Layoutlmv2 token classification on documents having tokens larger than 512

Hello everyone, I am trying to finetune/create a Layoutlmv2 model for documents having tokens larger than 512. I have tried following but its not working:

Initializing Tokenizer and Layoutlmv2 from scratch:

That is how I am initializing the tokenizer and model. I have am training 50 data instances but training loss /epoch is clearly showing overfitting and loss is coming down as a very steep graph

I wanted to change the num_hidden_layers=24 and num_attention_heads=16 but on google colab it shows CUDA memory error.

I want to know if I am doing it right or i am missing something…? Before I move to sagemaker to train model with num_hidden_layers=24 and num_attention_heads=16 on a bigger GPU, I want to make sure I am doing it right. Looking forward to your helpful responses.

Hi @navdeep were you able to find the solution. What is the workaround you followed to solve the above one.

I have tried LMV3 and Changed the model embedding layer from 512 to 1024. Able to train. but not able to load at inference time.

Hi @purnasai I am still implementing the solution on the basis of this issue more than 512 tokens · Issue #23 · NielsRogge/Transformers-Tutorials ( although this issue resolves around just the text but i am trying to extend to the images.

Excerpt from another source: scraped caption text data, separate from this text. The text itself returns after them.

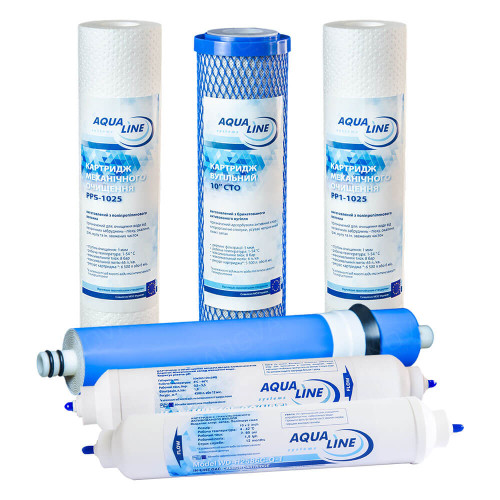Комплект картриджів для Aqualine-RO-6 + мембрана
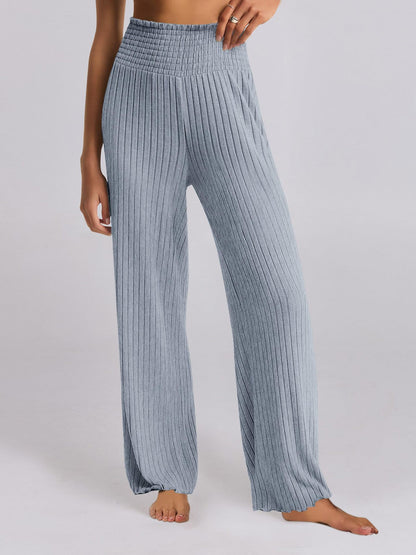 Chic and Style Wide Ribbed Palazzo Pants for Women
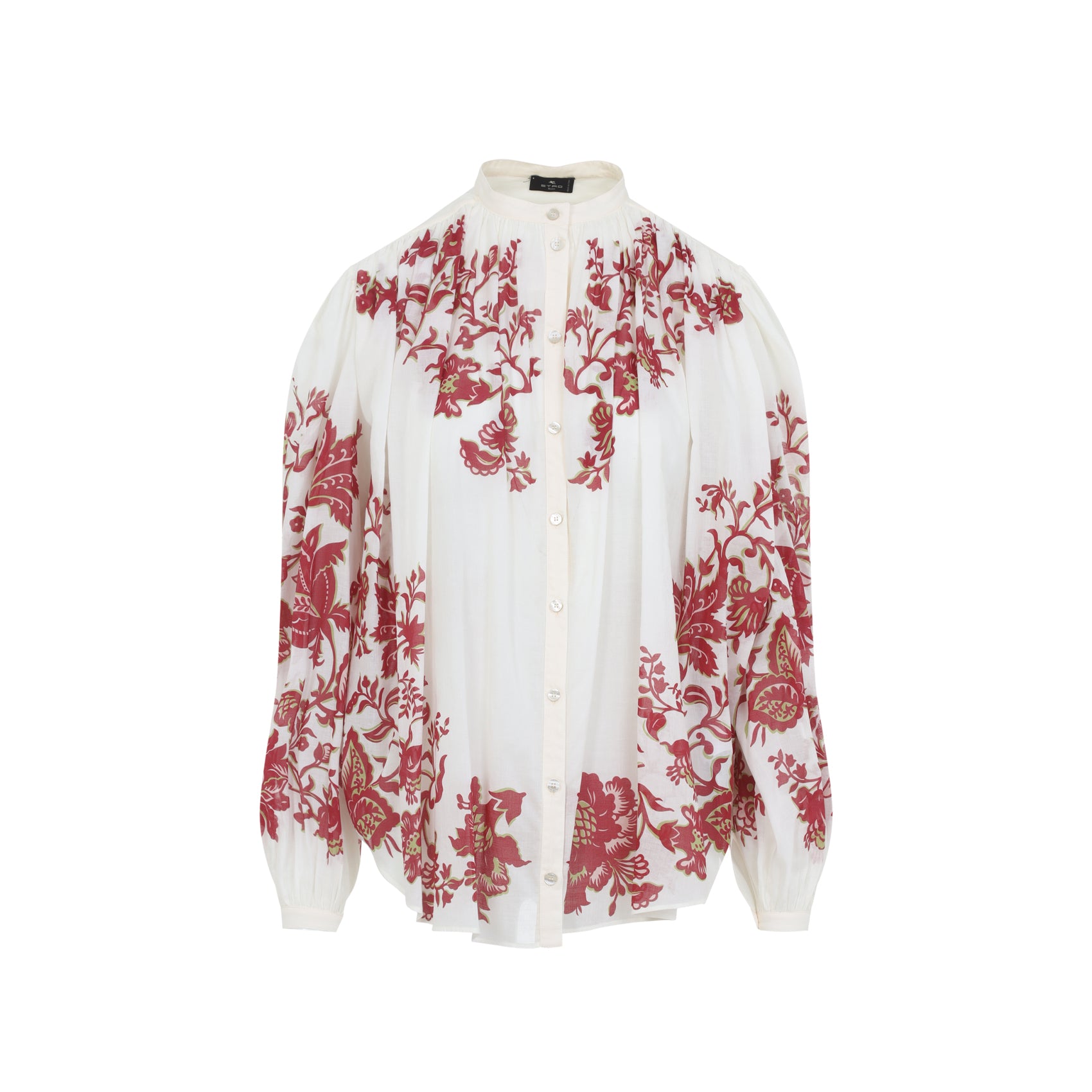 Etro Etro Pleates Band Collar Shirt, view 2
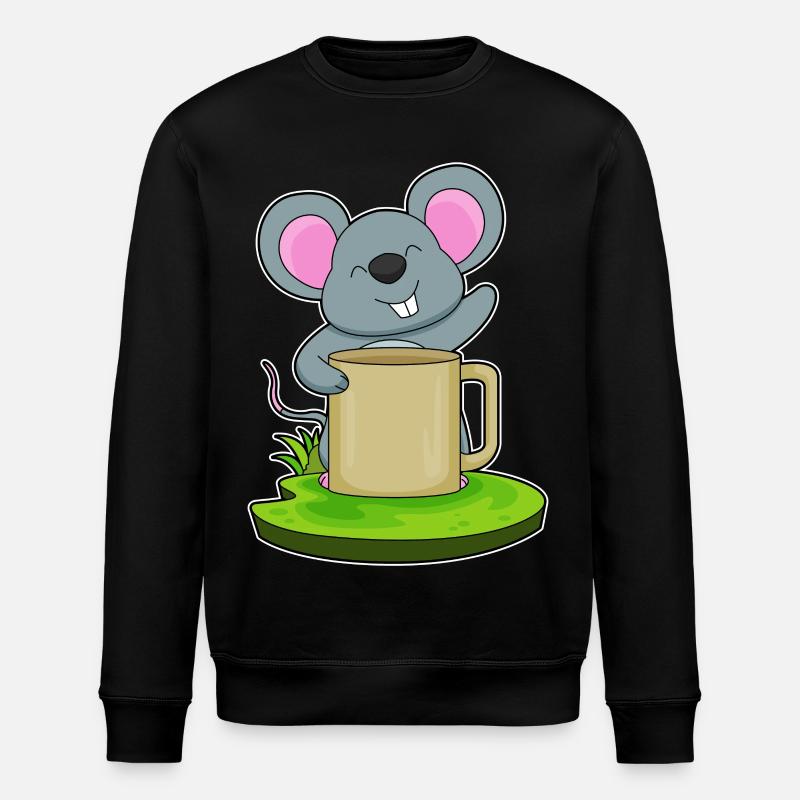 Maus Becher Kaffee - Stanley/Stella Unisex Bio-Sweatshirt ROLLER - Schwarz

I havent tried the LMV3 but will try and keep this thread posted. Thanks

Hi @navdeep, I can think of 4 workarounds here.

  1. Replacing existing tokenizer with other tokenizer that can handle tokens 1024,2048.
  2. Using Stride option in processor, using collate, to input data with length > 512.
  3. Replace 512 with 1024 in model architecture.
  4. Crop the image to capture only 512 tokens.(crop the image to 2parts).

I Have the workaround1 here: LayoutLMV3 Training with Morethan 512 tokens. · Issue #19190 · huggingface/transformers · GitHub

sorry for delayed reply @purnasai . I actually tried using custom tokenizer, custom processor and a new custom model using a new configuration with max sequence length= 1024. Model was able to detect more than 1024 tokens but with its internal architect of 12 hidden layers and 12 attention heads it was giving me a bad accuracy. As I had very less data to train I will not say that this solution wont work for others. If I try to change the internal architecture of model using the new config object (for example atten heads to 24) and hidden layers to (16) pytorch shows out of memory.

Current situation: I will try the same scenario with Layoutlmv3 and see if that works (90% chance it wont work).

@purnasai can u please tell me if you are initializing model from base-uncased for downstream training or from the scratch using custom configuration object.?

Hi @navdeep, Using a Custom Tokenizer, Processor and Custom model would increase the complexity of the usecase. Again you are changing attentions heads and hidden layers. Having to learn the weights from the begining would also increase its computation time and goes outofmemory. Like you said, as you do not have much data to train, the above process is not a good approach, I would say.

Using the base-uncased, as I want to make use of the pretrained memory to downstream.

Thanks for info @purnasai. I have resolved it using return_overflowing_tokens param in the processor and writing custom get_item function.